Taste and check the salt adequacy. Cover and keep aside for 10 mins.
When ready to make dosa, first heat the tawa / griddle , very well. If you are using a non stick griddle, like I do, just spray oil (PAM or similar) and wipe off with a clean tissue.
Stir the dosa batter well ( by this time, the solid has sunk to the bottom and it looks like muddy water, a good stir is needed) add more water if needed, while the batter is sitting, it absorbs water and becomes slightly thick. Remember you want a very thin batter.

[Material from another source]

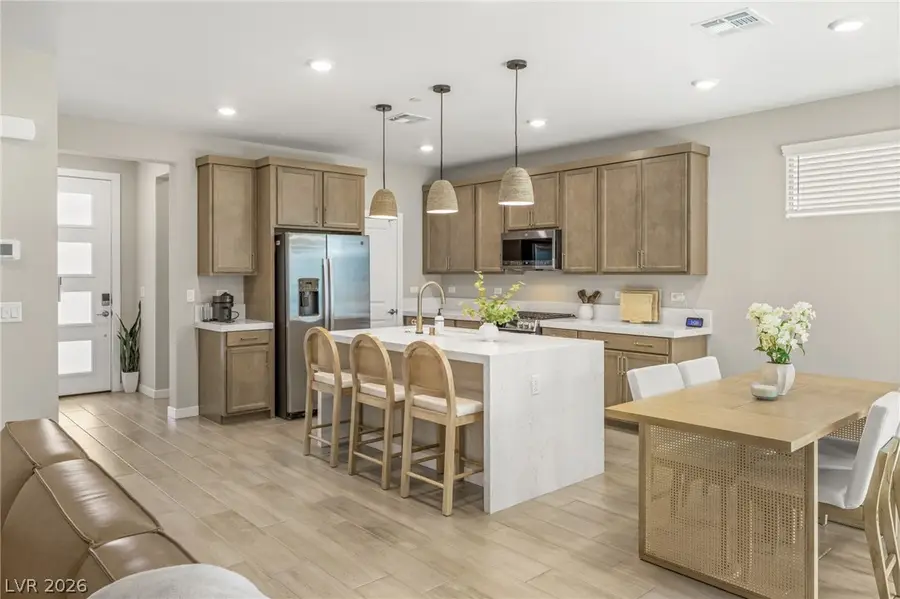 10449 Smokey Mariposa Avenue, Las Vegas, NV 89166 - #3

To make this dosa, unlike the regular dosa, you will NOT drop batter in the middle of the griddle and spread it out into a circle. No ! What you will do instead is, scoop the batter in the ladle, start on the outside of the griddle and just 'pour' the batter in a circle. Go from the outside of the griddle in the middle. The batter spreads well and because the griddle is super hot, it becomes lacy.
Drizzle some oil ( or spray) / butter or ghee ( for the scrawny ones) as it cooks.
Most people stop the cooking as soon as the bottom is crisp and golden. I usually flip the dosa and cook briefly on the other side too.
These crisp golden lacy dosas are best served right off the griddle with a chutney of your choice and sambar. Sometimes I serve dosas with just chutney(s) and the second chutney usually is Molgha Podi with a drizzle of oil. To make these for dinner, stuff the dosa with potato masala.
- You can increase the amount of oats to 1 cup
- You can cook the onions before adding them to the batter. Heat a tsp oil, add some mustard seed , when they pop, add cumin, when the cumin sizzles, add the curry leaves, green chilies and onion and sprinkle a pinch of salt and cook till translucent. Add this to the batter and make dosas
-If you like, add 1/2 tsp of black pepper powder. Exclude for kids.
-You can skip the onion to make regular rava / rava-oats dosa.
Enjoy your Sunday, folks! Have a good week ahead.